Re: fadvise DONTNEED implementation (or lack thereof)
From: Minchan Kim
Date: Mon Nov 15 2010 - 04:05:26 EST
On Mon, Nov 15, 2010 at 5:47 PM, Peter Zijlstra <peterz@xxxxxxxxxxxxx> wrote:
> On Mon, 2010-11-15 at 15:07 +0900, Minchan Kim wrote:
>> On Sun, Nov 14, 2010 at 2:09 PM, KOSAKI Motohiro
>> <kosaki.motohiro@xxxxxxxxxxxxxx> wrote:
>> >> On Tue, 9 Nov 2010 16:28:02 +0900 (JST), KOSAKI Motohiro <kosaki.motohiro@xxxxxxxxxxxxxx> wrote:
>> >> > So, I don't think application developers will use fadvise() aggressively
>> >> > because we don't have a cross platform agreement of a fadvice behavior.
>> >> >
>> >> I strongly disagree. For a long time I have been trying to resolve
>> >> interactivity issues caused by my rsync-based backup script. Many kernel
>> >> developers have said that there is nothing the kernel can do without
>> >> more information from user-space (e.g. cgroups, madvise). While cgroups
>> >> help, the fix is round-about at best and requires configuration where
>> >> really none should be necessary.
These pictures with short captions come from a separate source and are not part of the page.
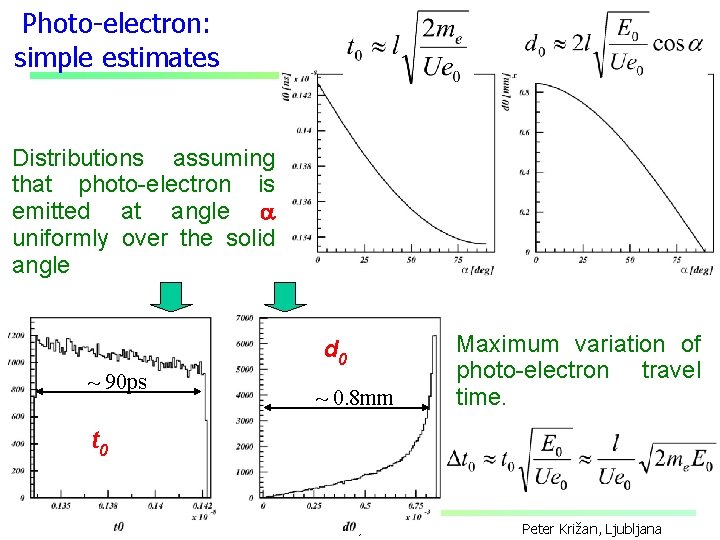 Photo-electron: simple estimates Distributions assuming that photo-electron is emitted at angle a uniformly over
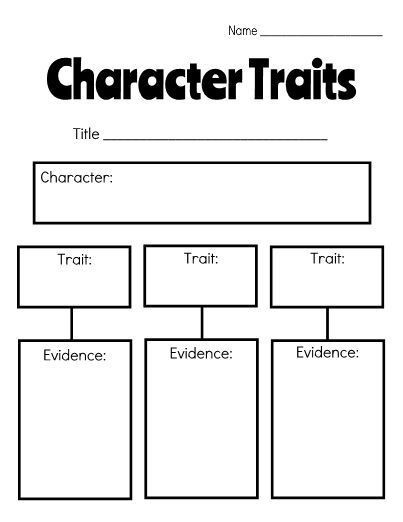 Character Traits Worksheet Pdf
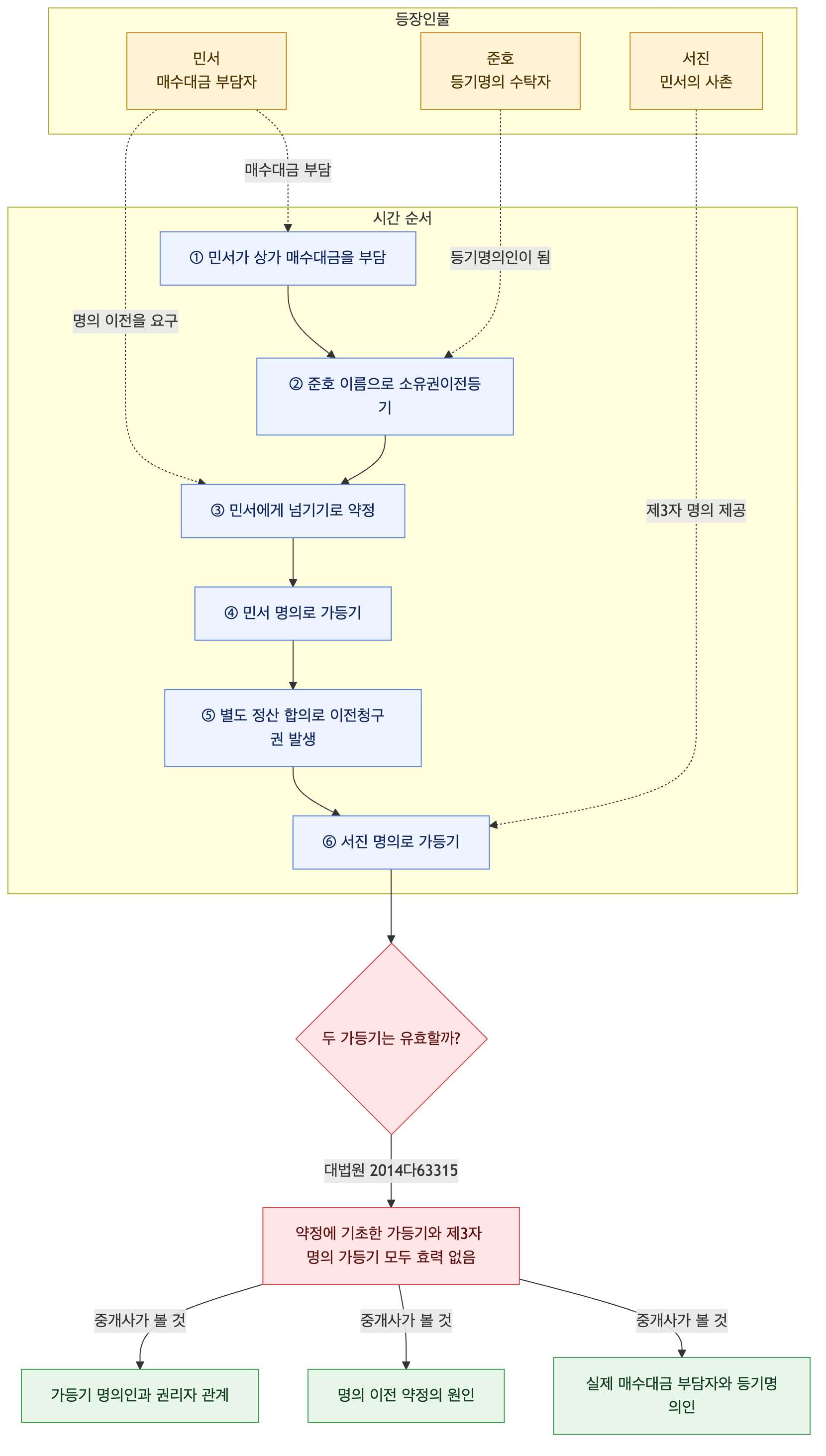 사건 구조도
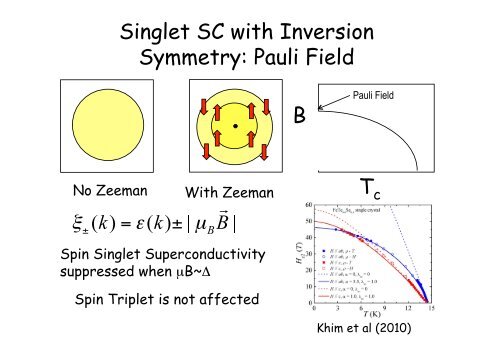 Superconductors without parity symmetry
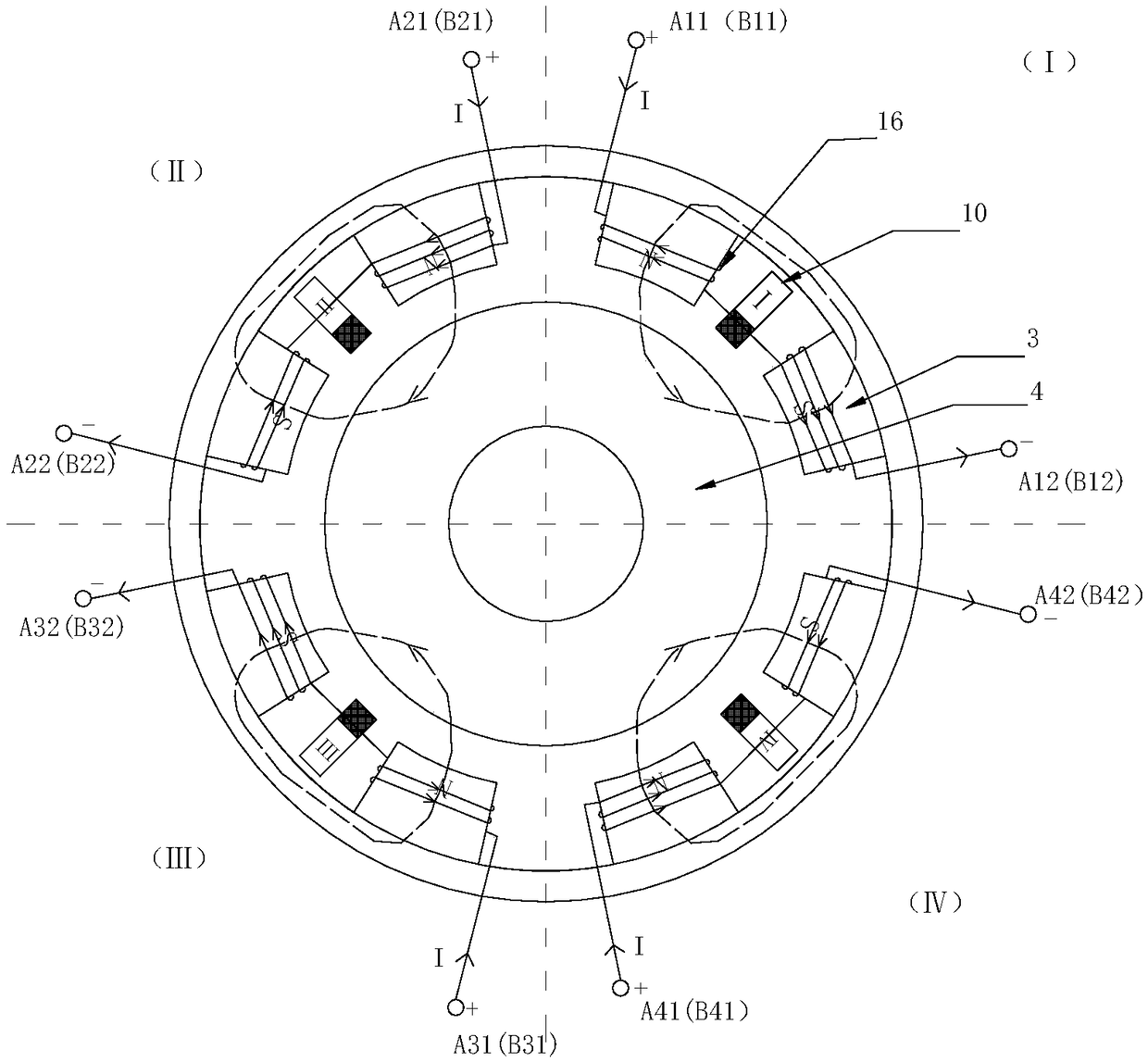 Five-freedom-of-degree magnetic levitation bearing dual contrary complementary electric excitation controller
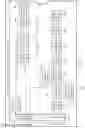 Fig. 04 - Downhole data transmission and surface synchronization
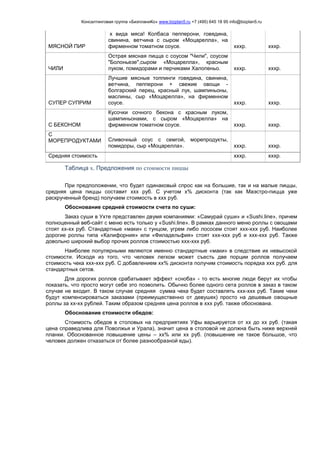 Консалтинговая группа «БизпланиКо» www.bizplan5.ru +7 (495) 645 18 95 info@bizplan5.ru
МЯСНОЙ ПИР
х вида мяса! Колбаса пепперони, говядина,
свинина, ветчина с сыром «Моцарелла», на
фирменном томатном соусе. хххр. хххр.
ЧИЛИ
Острая мясная пицца с соусом "Чили", соусом
"Болоньезе",сыром «Моцарелла», красным
луком, помидорами и перчиками Халопеньо. хххр. хххр.
СУПЕР СУПРИМ
Лучшие мясные топпинги говядина, свинина,
ветчина, пепперони + свежие овощи -
болгарский перец, красный лук, шампиньоны,
маслины, сыр «Моцарелла», на фирменном
соусе. хххр. хххр.
С БЕКОНОМ
Кусочки сочного бекона с красным луком,
шампиньонами, с сыром «Моцарелла» на
фирменном томатном соусе. хххр. хххр.
С
МОРЕПРОДУКТАМИ Сливочный соус с семгой, морепродукты,
помидоры, сыр «Моцарелла». хххр. хххр.
Средняя стоимость хххр. хххр.
Таблица х. Предложения по стоимости пиццы
При предположении, что будет одинаковый спрос как на большие, так и на малые пиццы,
средняя цена пиццы составит ххх руб. С учетом х% дисконта (так как Маэстро-пицца уже
раскрученный бренд) получаем стоимость в ххх руб.
Обоснование средней стоимости счета по суши:
Заказ суши в Ухте представлен двумя компаниями: «Самурай суши» и «Sushi.line», причем
полноценный веб-сайт с меню есть только у «Sushi.line». В рамках данного меню роллы с овощами
стоят хх-хх руб. Стандартные «маки» с тунцом, угрем либо лососем стоят ххх-ххх руб. Наиболее
дорогие роллы типа «Калифорния» или «Филадельфия» стоят ххх-ххх руб и ххх-ххх руб. Также
довольно широкий выбор прочих роллов стоимостью ххх-ххх руб.
Наиболее популярными являются именно стандартные «маки» в следствие их невысокой
стоимости. Исходя из того, что человек легком может съесть две порции роллов получаем
стоимость чека ххх-ххх руб. С добавлением хх% дисконта получим стоимость порядка ххх руб. для
стандартных сетов.
Для дорогих роллов срабатывает эффект «сноба» - то есть многие люди берут их чтобы
показать, что просто могут себе это позволить. Обычно более одного сета роллов в заказ в таком
случае не входит. В таком случае средняя сумма чека будет составлять ххх-ххх руб. Такие чеки
будут компенсироваться заказами (преимущественно от девушек) просто на дешевые овощные
роллы за хх-хх рублей. Таким образом средняя цена роллов в ххх руб. также обоснована.
Обоснование стоимости обедов:
Стоимость обедов в столовых на предприятиях Уфы варьируется от хх до хх руб. (такая
цена справедлива для Поволжья и Урала), значит цена в столовой не должна быть ниже верхней
планки. Обоснованное повышение цены – хх% или хх руб. (повышение не такое большое, что
человек должен отказаться от более разнообразной еды).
The easiest solution for everyone
>> >> involved would be for rsync to use FADV_DONTNEED. The behavior doesn't
>> >> need to be perfectly consistent between platforms for the flag to be
>> >> useful so long as each implementation does something sane to help
>> >> use-once access patterns.
>> >>
>> >> People seem to mention frequently that there are no users of
>> >> FADV_DONTNEED and therefore we don't need to implement it. It seems like
>> >> this is ignoring an obvious catch-22. Currently rsync has no fadvise
>> >> support at all, since using[1] the implemented hints to get the desired
>> >> effect is far too complicated^M^M^M^Mhacky to be considered
>> >> merge-worthy. Considering the number of Google hits returned for
>> >> fadvise, I wouldn't be surprised if there were countless other projects
>> >> with this same difficulty. We want to be able to tell the kernel about
>> >> our useage patterns, but the kernel won't listen.
>> >
>> > Because we have an alternative solution already. please try memcgroup :)
>
> Using memcgroup for this is utter crap, it just contains the trainwreck,
> it doesn't solve it in any way.
>
>> I think memcg could be a solution of them but fundamental solution is
>> that we have to cure it in VM itself.
>> I feel it's absolutely absurd to enable and use memcg for amending it.
>
> Agreed..
>
>> I wonder what's the problem in Peter's patch 'drop behind'.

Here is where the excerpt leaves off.